Nela, é possível subir escadas intermináveis para lugares misteriosos ou abrir portas de fechaduras estranhas para depósitos de bugigangas incríveis. É possível debruçar-se na janela para ver a correnteza da água da chuva na sarjeta, carregando barcos de papel e soldadinhos de chumbo.
Tudo é vivo e pulsante dentro dela. Cadeiras, mesas, quadros. Guardanapos bordados à mão com fios delicados de cores suaves. Cômodas de gavetas enormes cujos tesouros podem ser vistos pelos buracos das fechaduras. Cristaleiras onde a imaginação se espelha e se pode perder-se em labirintos infinitos, de finos cristais e louças decoradas. Copos para licores que se provam em momentos festivos. Xícaras minúsculas para cafezinhos depois do banquete. Fronhas e lençóis de um branco impecável, adornados com rendas de linha fina onde, ao descansar a cabeça, sonha-se com universos distantes, castelos e criaturas fantásticas na voz de uma contadora de fábulas infantis.
Nessa casa, a mesa posta guarda um pão cuja receita jamais se repete em cozinha alguma, e onde o chá da tarde de sabor inigualável vem da Índia e se pensa cruzar mares para trazê-lo até aqui. É onde se prova broas de polvilho, cremes e bolinhos de chuva feitos por mãos hábeis, colecionadoras de receitas em cadernos de centenas de páginas.
Do lado de fora da varanda, o som da chuva vem misturado com o cheiro das flores do caramanchão – caracóis azuis e rosas e trombetas de alaranjado intenso; há também um poço a namorar um forno de barro sobre uma calçada irregular, ladeada por vasos de flores e folhagens pregadas em uma taipa coberta de musgos, tingindo de verde o coração de quem passa.
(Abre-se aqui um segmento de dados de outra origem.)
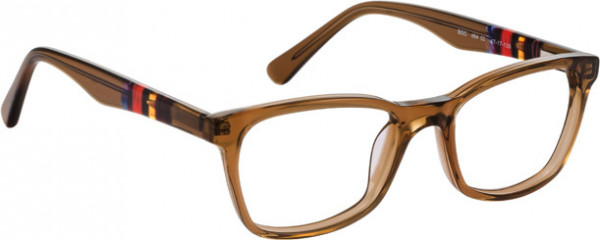 Bocci Bocci 464 Eyeglasses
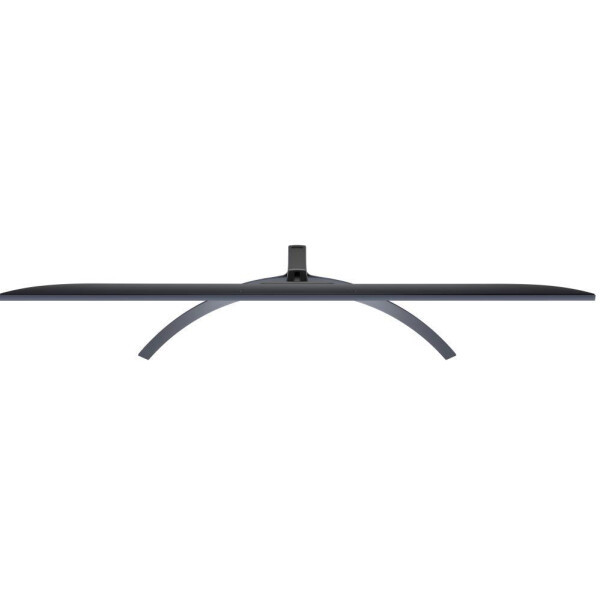 Телевизор LG UR81 86UR81006LA Телевизор LG UR81 86UR81006LA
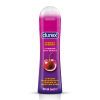 Лубрикант Durex Play Cherry со вкусом и ароматом вишни (лубрикант) 50 мл (4820108005099)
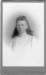alberdinaburingh21051885090519602_small.jpg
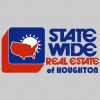 State Wide Real Estate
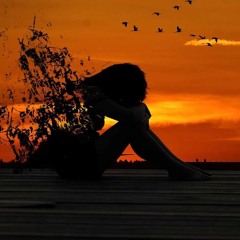 Broken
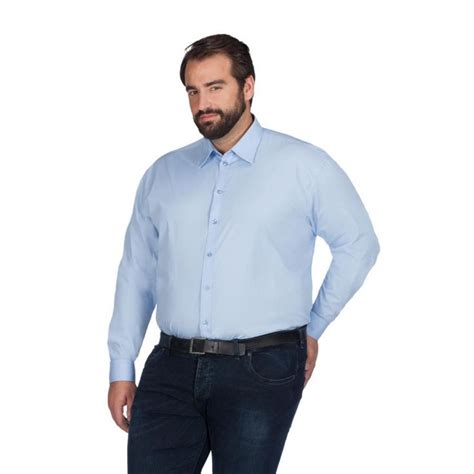 10 Fashion Tips For Plus Size Men To Wear In Office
É possível, também, subir os degraus da pequena escada de pedra rumo às colinas de grama delicada, ganhar distâncias passando por canteiros de palmas multicolorindo a tarde, e varais a sustentar roupas dançantes; esgueirar-se pela floresta imaginária, percorrendo trilhas sem fim e sonhar em voar mais longe, nas costas do vento.
Assim é a casa que vive em mim: perfumada, viva, cheia de afetos e histórias. Talvez porque aos olhos de uma criança só se evidencie a essência de tudo, como deveria continuar sendo por toda a vida.